Election Results Sadden All Three Michigan Candidates

November 10, 2011 by · Leave a Comment 

By Adil James, TMO

Farmington–November 9–Yesterday’s election tallies are in and unfortunately the three local Muslim candidates all lost their elections.

The three were Ahmar Iqbal, running for the Ann Arbor School Board, Amin Hashmi, running for the Troy City Council, and Abdul Latif Muhiuddin, running for the Plymouth-Canton School Board.
The three Muslim candidates were in widely divergent districts, with sparse voter turnout in an election which had no national or statewide elections–an election which determined the face of Michigan’s local politics but did not affect the exciting higher levels.

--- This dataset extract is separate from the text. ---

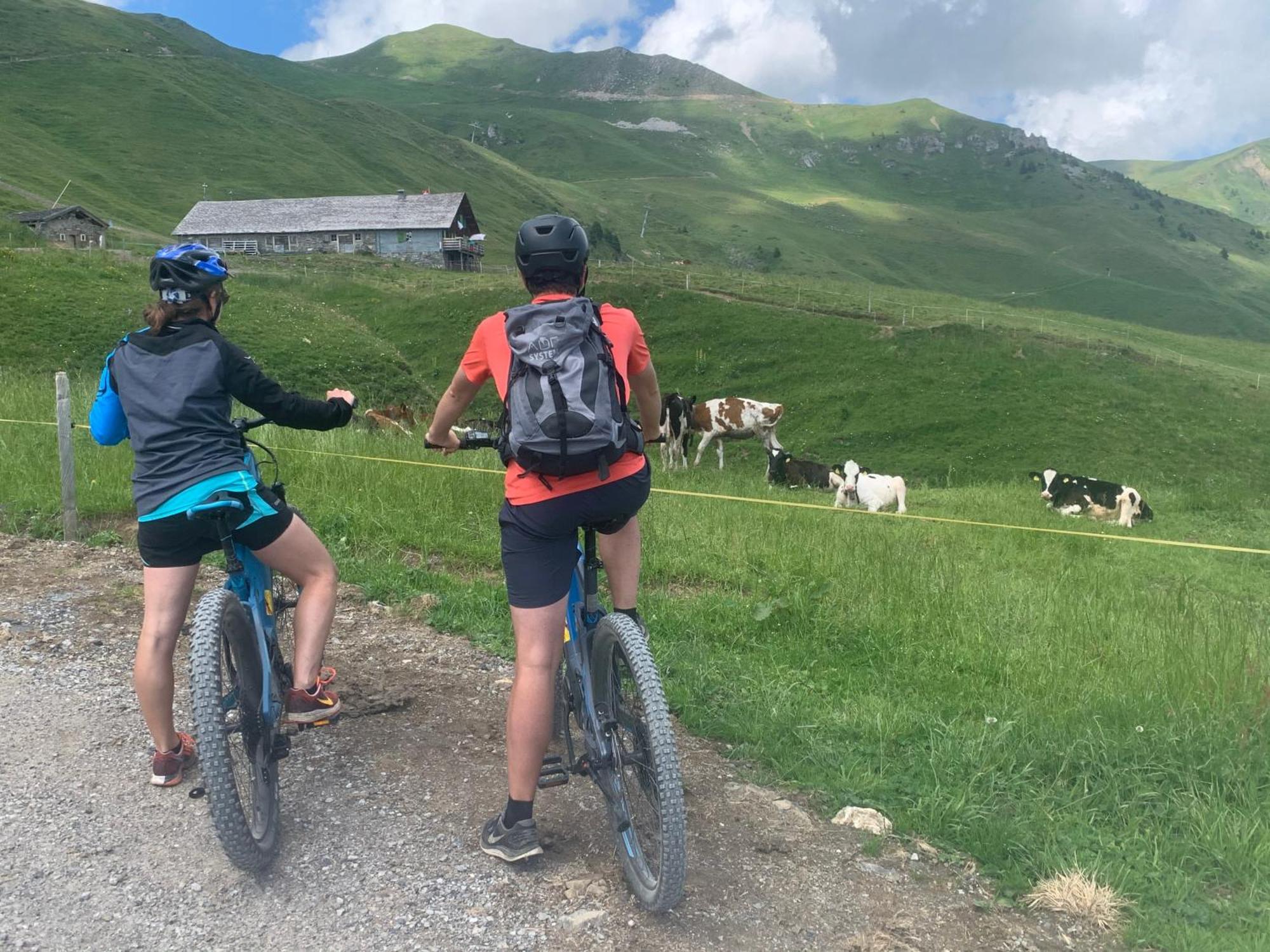Chalet Montriond - Bike & Ski Les Crosets Buitenkant foto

The minimal voter turnout meant that Burton’s Paula Zelenko would secure her seat as mayor in a hotly contested race with a well-known city councilman–and she would do so winning only 2,500 votes.  The mayor of Burton earns approximately $70,000 annually.

The same race saw a Flint mayor who won an election with only 9,000 votes.  The salary of the Flint mayor is about $91,000.

Iqbal won about 3,500 votes, earning fifth place out of six.  Muhiuddin won about 2,900 votes, placing 10th out of 15.  Amin Hashmi won about 1,400 votes, placing last in his election bid.

Iqbal wrote a very gracious concession letter which expressed his belief that 3,000 voters had chosen him “on merit,”  because he only shook hands with 500 voters and he won 3,500 votes.

Iqbal expressed that he had learned many lessons through the campaign, and had learned strategies, local politics, and about his own identity, and other important measurements of his own strength as required for a political campaign.

“The best is yet to come for all of us,” said Mr. Iqbal.

“Again, thank you for standing by me and I look forward to growing our relationship especially for important community causes.”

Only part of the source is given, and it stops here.